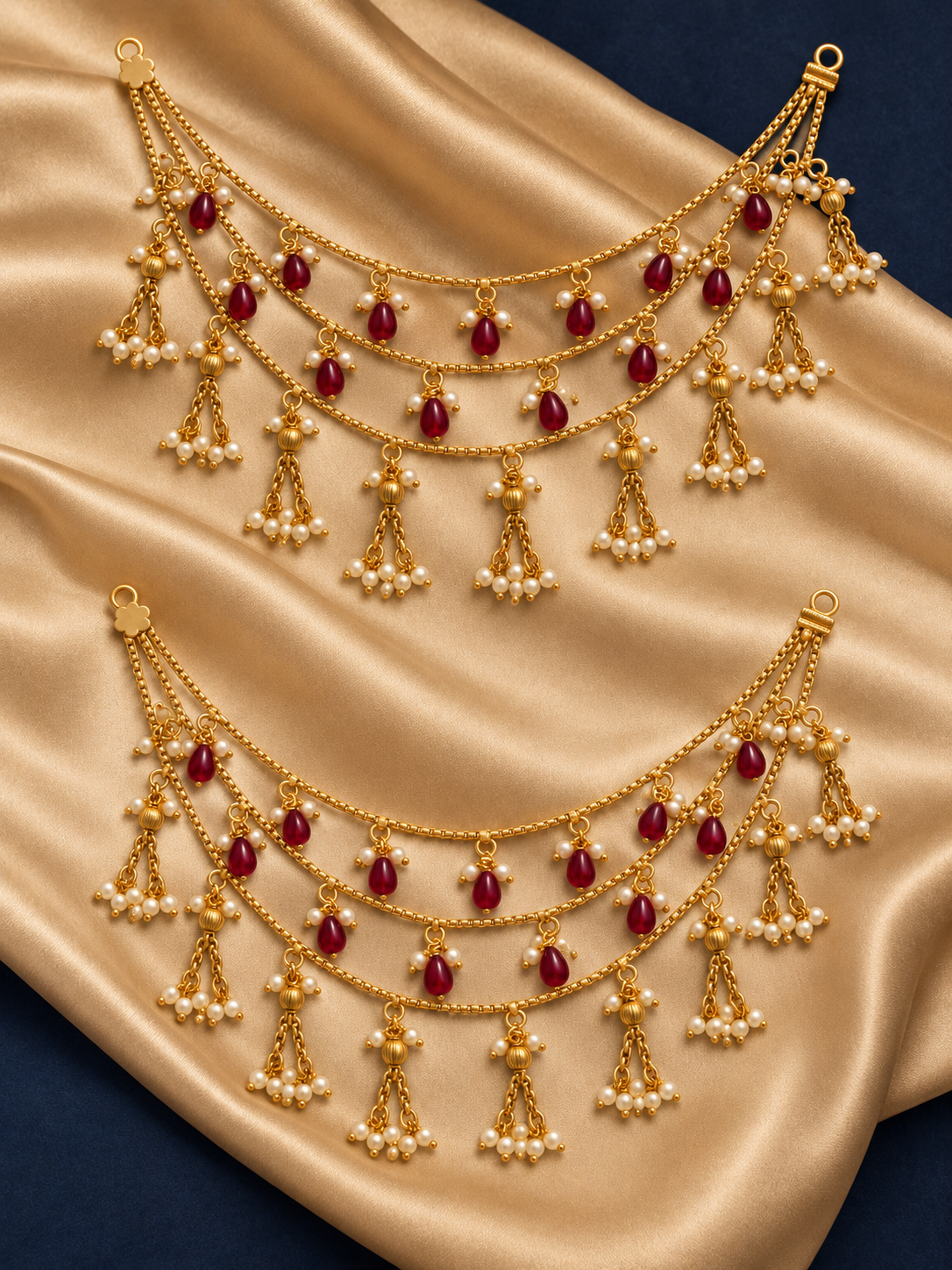 Itrani Chandrika Pearl Drop Ear Chains (Pair)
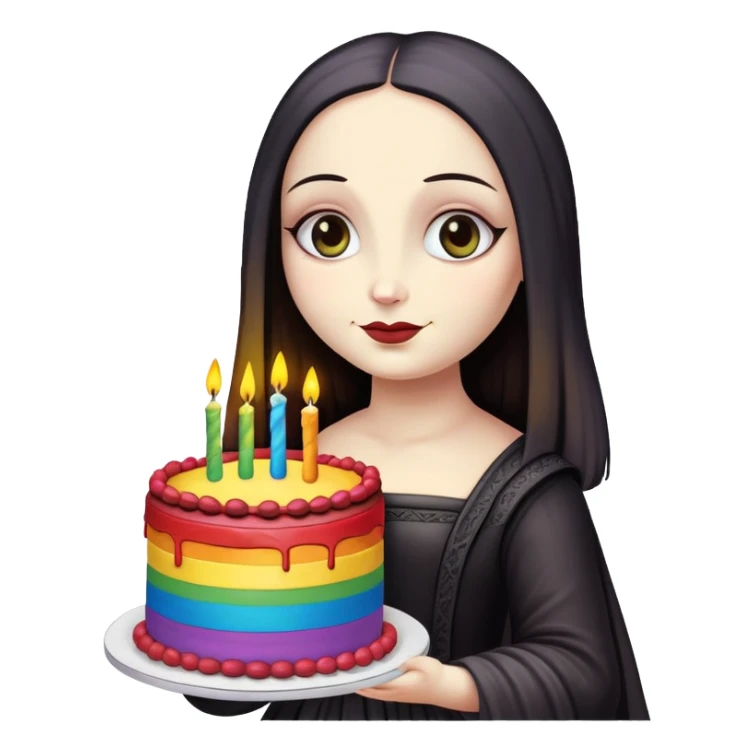 goth monalisa holding a rainbow birthday cake  sticker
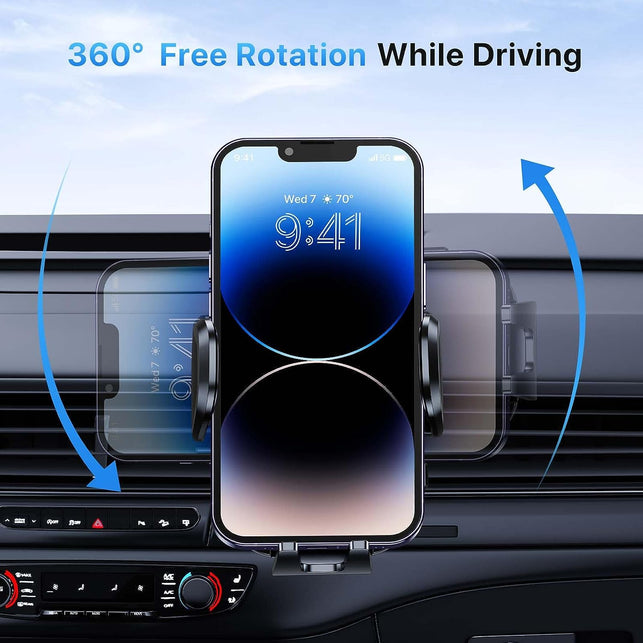 【2024 New Generation】Miracase Car Phone Holder, Air Vent Car Phone Mount 【Upgraded Double Metal Hook】360 Degree Adjustable Compatible with Iphone/Samsung/Nokia and All 4.0"-7.0" Smartphones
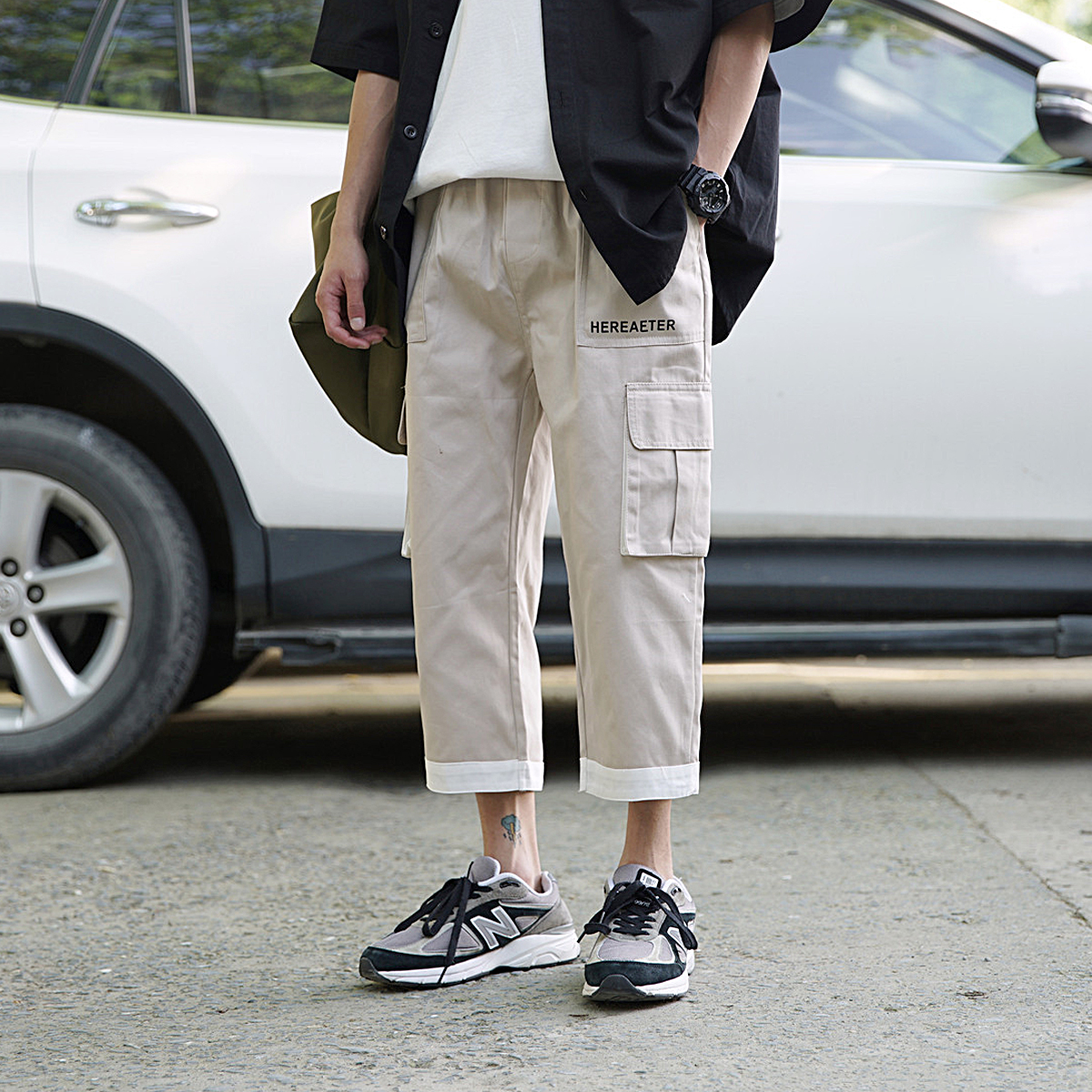 trousers Easy Straight Hip-hop Trend BF Capris student Korean Edition letter Overalls Nine points Casual pantsin the Men's clothing, Casual pants  category - from Buy2taobao.com to provide professional Taobao agent buy service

#### Work order:
Give again, word for word, every line from the top of the data through the line with "New Generation】Miracase Car", both ends included, and exclude the pictures.

#### Solution to this exercise:
 Itrani Chandrika Pearl Drop Ear Chains (Pair)
 goth monalisa holding a rainbow birthday cake  sticker
 【2024 New Generation】Miracase Car Phone Holder, Air Vent Car Phone Mount 【Upgraded Double Metal Hook】360 Degree Adjustable Compatible with Iphone/Samsung/Nokia and All 4.0"-7.0" Smartphones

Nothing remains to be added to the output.